Configure ipa servers as an ntp server and clients
to (by default) us the ipa server as an ntp server.
Also corrected the messages about which ports should
be opened.
diff -r c0f72de1e5d8 -r 919346fa283e ipa-client/ipa-install/ipa-client-install
--- a/ipa-client/ipa-install/ipa-client-install Thu Nov 01 11:23:34 2007 -0400
+++ b/ipa-client/ipa-install/ipa-client-install Thu Nov 01 15:35:02 2007 -0400
@@ -30,6 +30,7 @@ from optparse import OptionParser
from optparse import OptionParser
import ipaclient.ipadiscovery
import ipaclient.ipachangeconf
+import ipaclient.ntpconf
from ipa.ipautil import run
def parse_options():
@@ -43,6 +44,8 @@ def parse_options():
default=False, help="print debugging information")
parser.add_option("-U", "--unattended", dest="unattended",
help="unattended installation never prompts the user")
+ parser.add_option("-N", "--no-ntp", action="store_false",
+ help="do not configure ntp", default=True, dest="conf_ntp")
options, args = parser.parse_args()
@@ -67,14 +70,6 @@ def logging_setup(options):
console.setFormatter(formatter)
logging.getLogger('').addHandler(console)
-def check_ntp():
- ret_code = 1
- p = subprocess.Popen(["/sbin/service", "ntpd", "status"], stdout=subprocess.PIPE,
- stderr=subprocess.PIPE)
- stdout, stderr = p.communicate()
-
- return p.returncode
-
def main():
options = parse_options()
logging_setup(options)
@@ -208,10 +203,8 @@ def main():
#Modify pam to add pam_krb5
run(["/usr/sbin/authconfig", "--enablekrb5", "--update"])
- # print warning about ntp
- if check_ntp() != 0:
- print "WARNING: Kerberos requires time synchronization between clients"
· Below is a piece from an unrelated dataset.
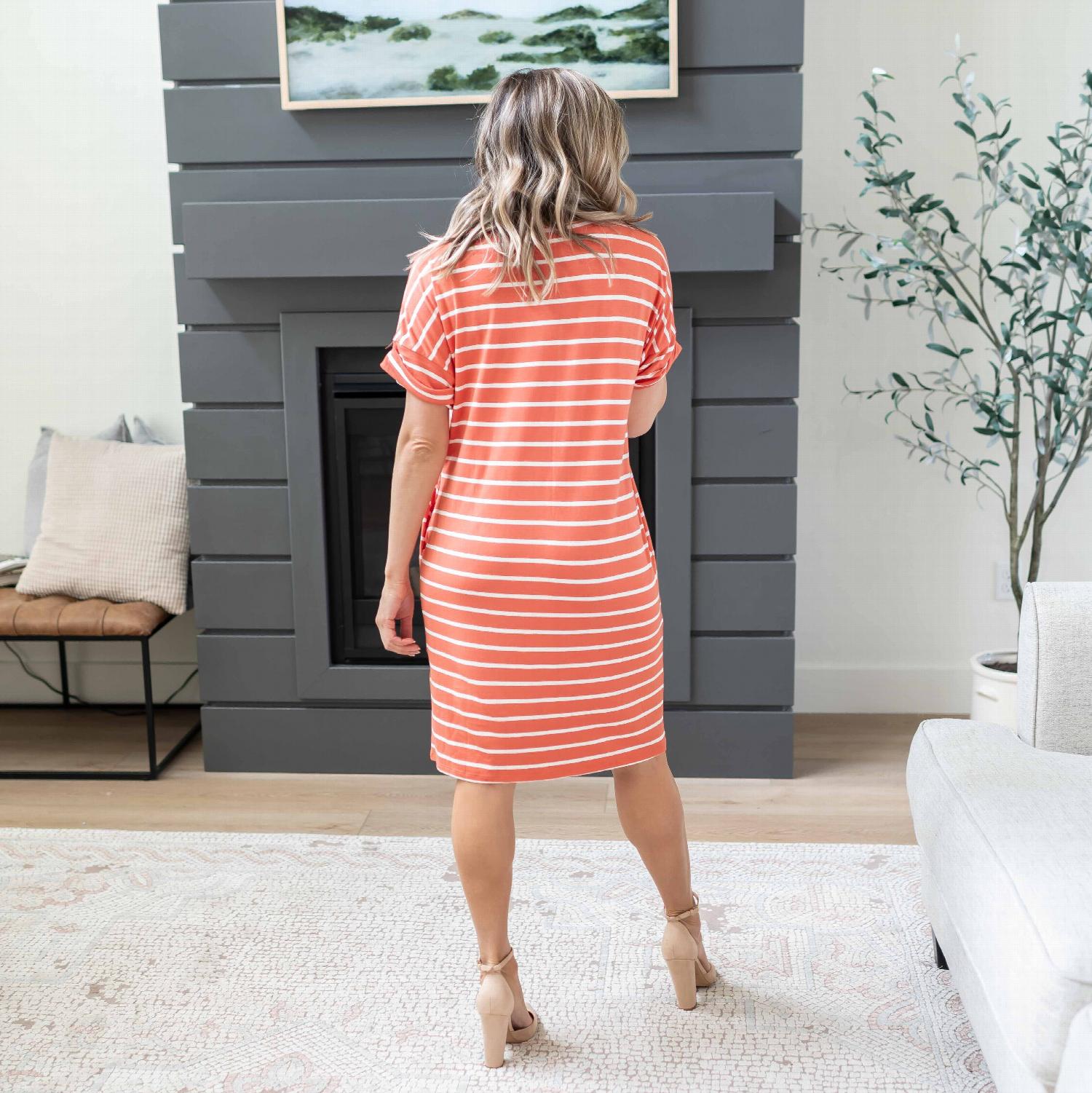 A stylish Stripe Rolled Short Sleeve V-neck Dress featuring a chic striped pattern, rolled short sleeves, and a flattering V-neck design.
- print "and servers for correct operation. You should consider enabling ntpd."
+ if options.conf_ntp:
+ ipaclient.ntpconf.config_ntp(ds.getServerName())
return 0
diff -r c0f72de1e5d8 -r 919346fa283e ipa-client/ipaclient/Makefile.am
--- a/ipa-client/ipaclient/Makefile.am Thu Nov 01 11:23:34 2007 -0400
+++ b/ipa-client/ipaclient/Makefile.am Thu Nov 01 15:35:02 2007 -0400
@@ -6,6 +6,7 @@ app_PYTHON = \
dnsclient.py \
ipachangeconf.py \
ipadiscovery.py \
+ ntpconf.py \
$(NULL)
EXTRA_DIST = \
diff -r c0f72de1e5d8 -r 919346fa283e ipa-client/ipaclient/ntpconf.py
--- /dev/null Thu Jan 01 00:00:00 1970 +0000
+++ b/ipa-client/ipaclient/ntpconf.py Thu Nov 01 15:35:02 2007 -0400
@@ -0,0 +1,89 @@
+# Authors: Karl MacMillan <kmacmillan at redhat.com>
+#
+# Copyright (C) 2007 Red Hat
+# see file 'COPYING' for use and warranty information
+#
+# This program is free software; you can redistribute it and/or
+# modify it under the terms of the GNU General Public License as
+# published by the Free Software Foundation; version 2 or later
+#
+# This program is distributed in the hope that it will be useful,
+# but WITHOUT ANY WARRANTY; without even the implied warranty of
+# MERCHANTABILITY or FITNESS FOR A PARTICULAR PURPOSE. See the
+# GNU General Public License for more details.
+#
+# You should have received a copy of the GNU General Public License
+# along with this program; if not, write to the Free Software
+# Foundation, Inc., 59 Temple Place, Suite 330, Boston, MA 02111-1307 USA
+#
+
+from ipa.ipautil import *
+import shutil
+
+ntp_conf = """# Permit time synchronization with our time source, but do not
+# permit the source to query or modify the service on this system.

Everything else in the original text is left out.